Nicht nur, was die Freude an der Probenarbeit angeht: Das ist wieder eine gute Zeit. In Braunschweig – wie eigentlich überall – seien die Menschen freundlicher als in Berlin. Manon Straché fühlt sich fast ein bisschen zu Hause. „Hier kenne ich die Frau Kunze aus dem Penny.“ Treuepunkte sammelt sie nicht oder nur im übertragenen Sinn. Seit 2015 stand sie immer wieder auf der Bühne in der Komödie, inszenierte zuletzt selbst.

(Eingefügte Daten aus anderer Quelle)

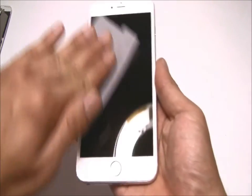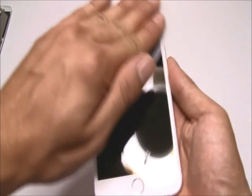Before placing your screen protector, make sure you use the provided wipes to make sure that your screen is clean and particle and dust free.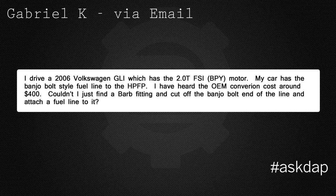Gabriel K via email asks: I drive a 2006 Volkswagen GLI, which has a 2.0 T FSI motor. My car has a banjo bolt style fuel line to the high pressure fuel pump. I've heard the OEM conversion costs about $400. Couldn't I just find a barbed fitting and cut off the banjo bolt end of the line and attach a fuel line to it?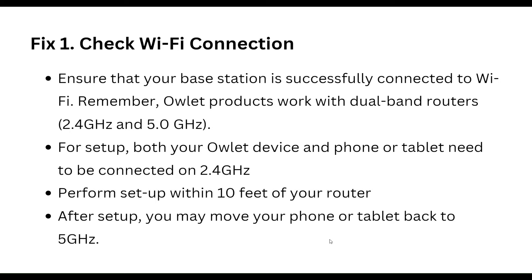Perform the setup within 10 feet of your router. After setup is complete, you may move your phone or tablet back to the 5GHz network.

Während der Coronazeit hatte auch sie „Angst vom Karussell zu fallen“, aber dann ging doch alles gut: „Ich bin nicht krank geworden, war auf Tournee und hatte Arbeit.“ Der zwischenzeitlich erzwungene Leerlauf war für Manon Straché eine Lektion, anzunehmen, was sie nicht ändern kann. „Ich bin sonst immer mit dem Kopf durch die Wand.“ Am Ende brachte sie die Entschleunigung dazu, endlich die Bücher zu lesen, die sie immer schon hatte lesen wollen. „Und ich habe die Fenster in der Theaterwohnung geputzt“, sagt sie und lacht. Nur irgendwelche lustigen Videobeiträge mit Bücherwand oder Küchenzeile im Hintergrund, die wird man von ihr nicht im Internet finden. Da wird sie resolut: „So etwas mache ich nicht, das ist kein professionelles Umfeld.“ Das Angebot, die Tontechnik der Komödie für Hörbuchaufnahmen und Lesungen zu nutzen, hat die Schauspielerin hingegen gern angenommen, um die Entschleunigung nicht zum Stillstand werden zu lassen.
Und nun die Annie Wilkes in „Misery“ – es bleibt spannend.

Zum Roman:

Kathy Bates erhielt einen Oscar für ihre Verkörperung der Krankenschwester Annie Wilkes in „Misery“. Der Film entstand nach dem Stephen-King-Roman „Sie“. Richard Goldman schrieb das Drehbuch und die Bühnenfassung.
Erzählt wird das Martyrium des Romanschriftstellers Paul Sheldon, der nach einem Autounfall von Annie gerettet wird. Er wacht in ihrem Haus auf, verletzt und ans Bett gefesselt. Durch einen Schneesturm sind sie von der Außenwelt abgeschnitten. Als Annie erfährt, dass Sheldon die von ihr geliebte Serienromanheldin „Misery“ in seinem neuen Buch sterben lässt, zeigt sie ihr grausames Gesicht.